▸ **DATA SEGMENT**

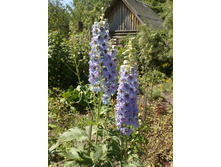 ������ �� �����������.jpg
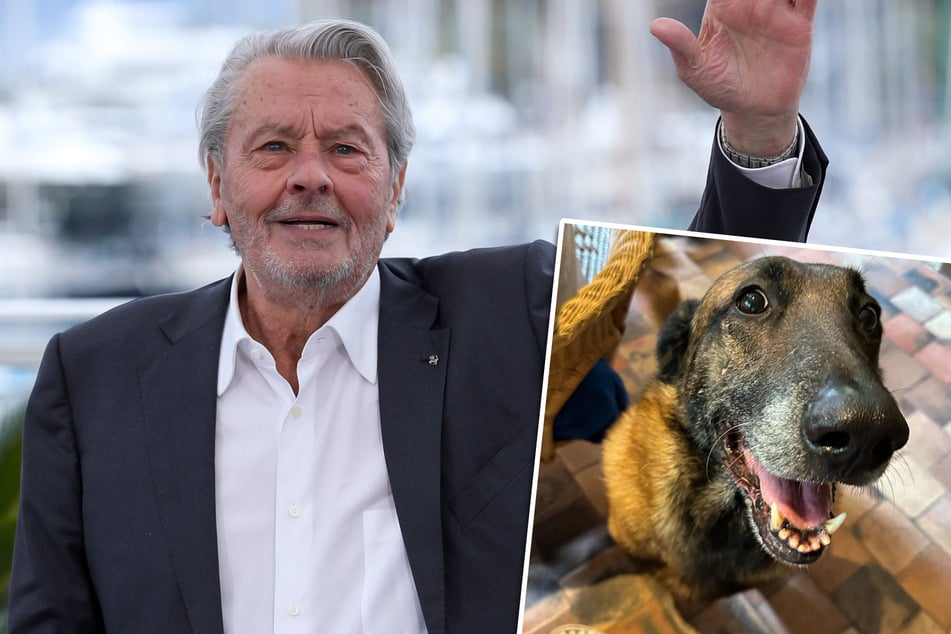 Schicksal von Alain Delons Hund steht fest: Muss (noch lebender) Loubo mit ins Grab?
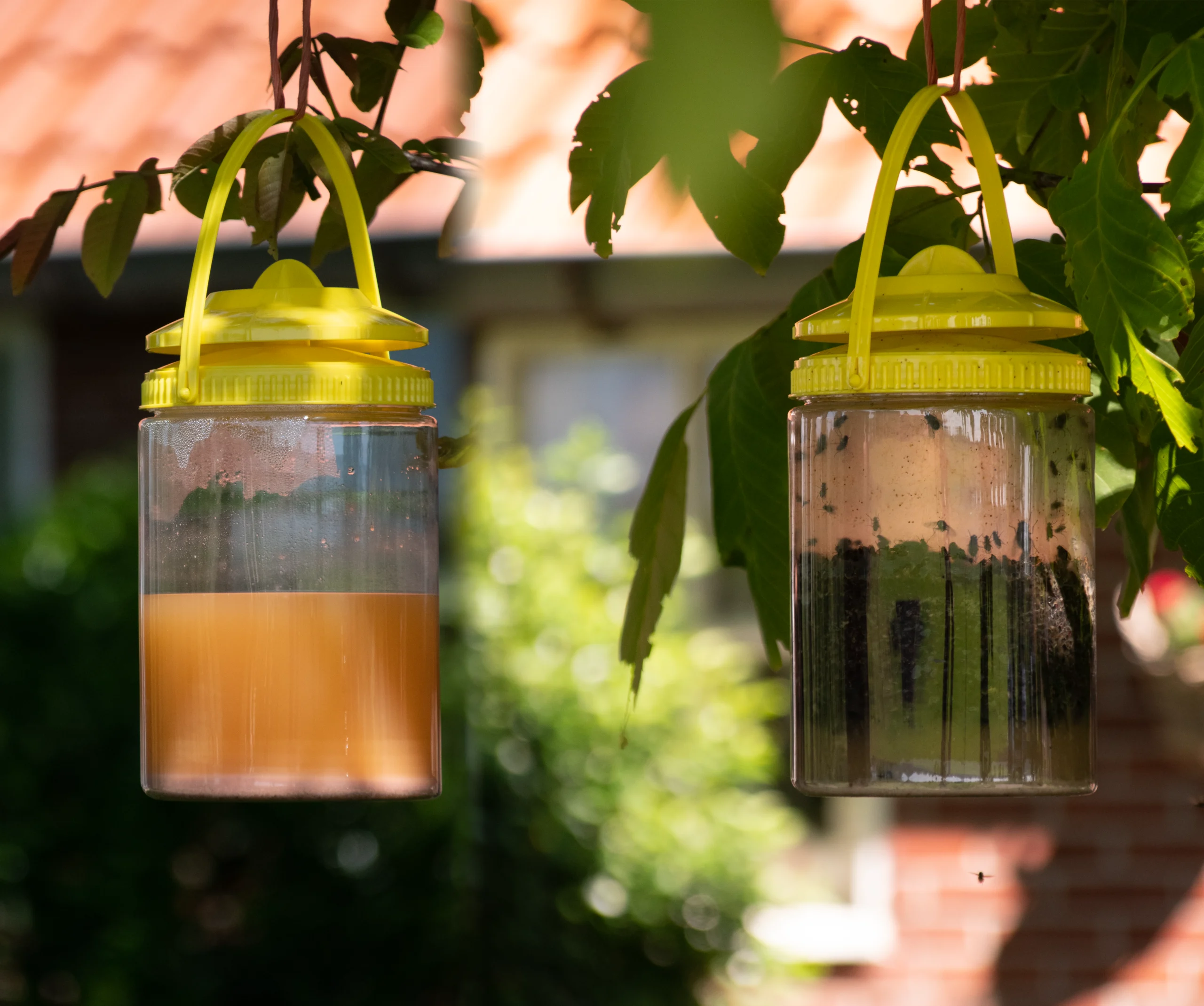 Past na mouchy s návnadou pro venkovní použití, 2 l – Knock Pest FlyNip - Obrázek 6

▸ **TASK TO COMPLETE**
Print the complete listing exactly, apart from any pictures.

▸ **YOUR SOLUTION**
 ������ �� �����������.jpg
 Schicksal von Alain Delons Hund steht fest: Muss (noch lebender) Loubo mit ins Grab?
 Past na mouchy s návnadou pro venkovní použití, 2 l – Knock Pest FlyNip - Obrázek 6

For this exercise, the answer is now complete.